Elsewhere, the Chinese are considering a plan that largely mimics that of CERN’s: a giant circular tunnel that will house first an electron-positron collider and, later, a proton collider. China’s argument is that it’s not constrained to build in the complex geography of the Swiss-French border, with its lakes and mountain ranges. And construction costs are lower there to begin with, meaning that the whole project could be done substantially more cheaply in China. Again, no commitment has been made to build the hardware yet, but it could make the arguments for CERN’s project far more complicated if it continues to move forward.

There are also many active areas of study that would enable us to build hardware that provides greater accelerations in shorter distances. The report also argues for continued support of those, even though they would tip the balance heavily in favor of using a linear collider, since it could be made much more compact. There’s an additional mention of using muons, heavier (if unstable) relatives of the electron and positron, for the collisions, something that’s being actively pursued at the US’ Fermilab.

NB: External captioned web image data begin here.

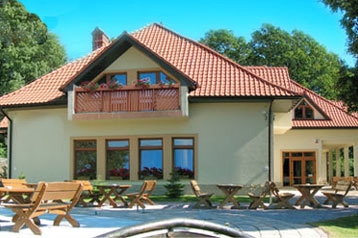 Польща Hotel Bochnia, Екстер'єр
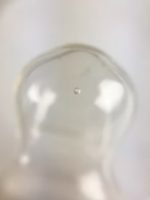 Pack x2 tetinas anatómicas Suavinex de silicona (0-6m) Flujo S - Image 3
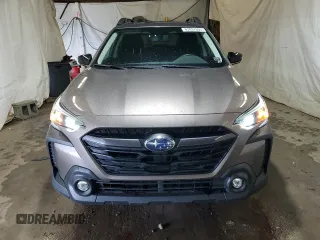 2024 Subaru Outback Premium с VIN 4S4BTAFCXR3297700, выставлен на аукционе Copart как лот 62837655 с пробегом 13 278 миль миль и Списание • Salvage title. История ставок и продаж доступна на DreamBid. Изображение 5.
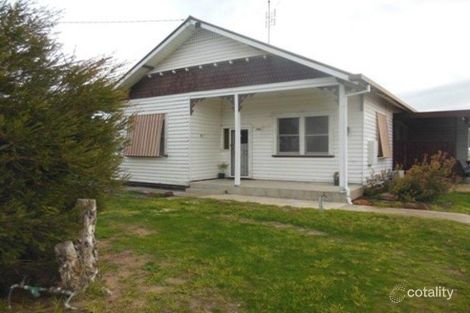 100 Bennett Rd, Horsham, VIC 3400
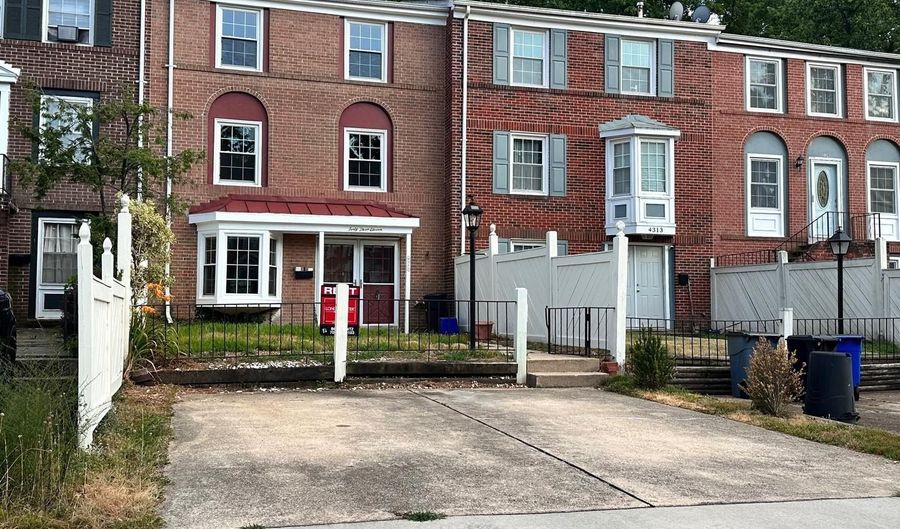 4311 CEDARLAKE Ct, Alexandria, VA 22309 - 4 Beds, 3 Bath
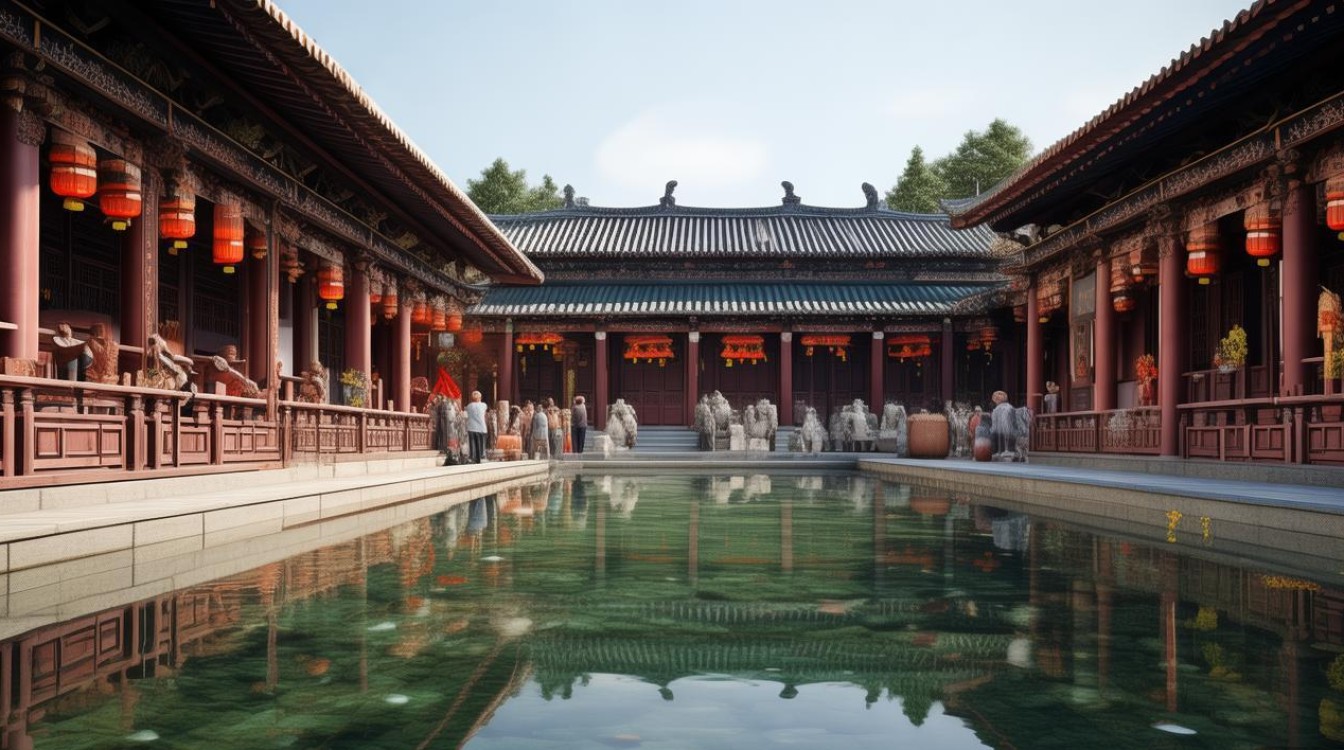 川主寺有什么景点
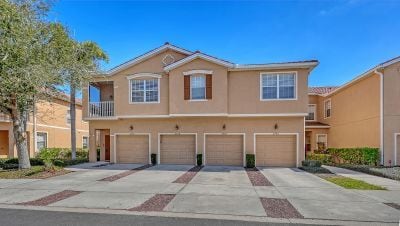 3778 Parkridge Cir in Sarasota, FL - Building Photo - Building Photo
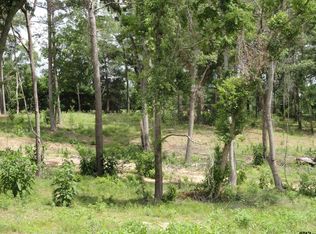 0 Garner St, Frankston, TX 75763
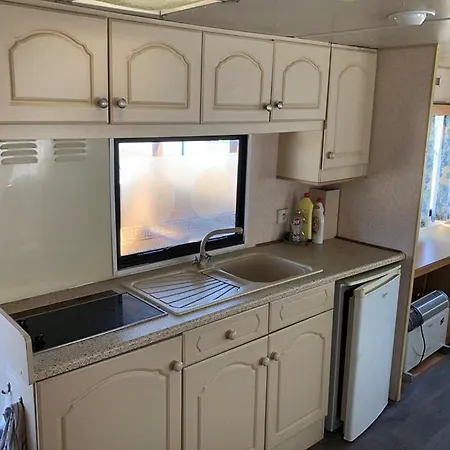 Domceky Holiday home *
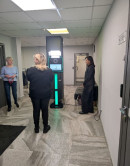 Фотобудка с нейросетью на 8 марта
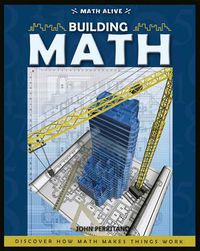 Cover image for Building Math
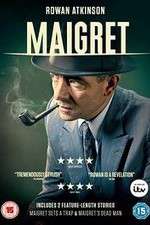 Watch Maigret\'s Dead Man Primewire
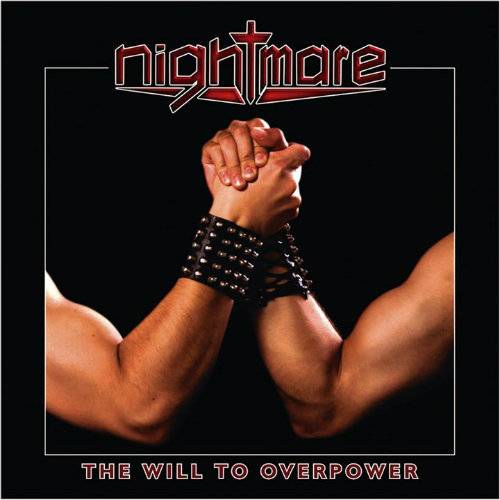 Nightmare (COL) : The Will to Overpower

“The European particle physics community must intensify accelerator R&D and sustain it with adequate resources,” the report says, even though progress on any of them would make the big collider a less appealing approach.

A gap in the theory

But perhaps the biggest question facing the collider is whether there’s anything left for it to find. In addition to the Higgs, there were strong theoretical candidates, including potential dark matter particles, that were within the energy range reached by the LHC. Even though none of them turned up, that has ended up being informative, killing off a huge range of potential models for other particles and causing plenty of people to rethink models based on the idea of supersymmetry.

At the moment, in the energies that will be reached by this proposed successor, we have… not a whole lot. There are always ideas floating around that would involve extremely heavy particles, and it’s always possible that potential particles that were predicted to be lighter turn out not to be. But there’s no obvious candidates at these energies that have a well-developed theory behind them. As a result, we’ve got no strong reason to think that there’d be anything to discover if we built this machine.

Of course, we’d have decades of development in theory that might place something there before this actually becomes operational. And there’s always the chance that we’d find something unexpected if it was built. But those chances are not typically the sorts of things that are allowed to dominate the funding landscape for an entire field. Fortunately, the physics community has gotten used to shifting funding priorities over the years, and the construction of the new collider is far enough out that there is time to work out if and how to integrate this work with the proposed projects in Japan and China.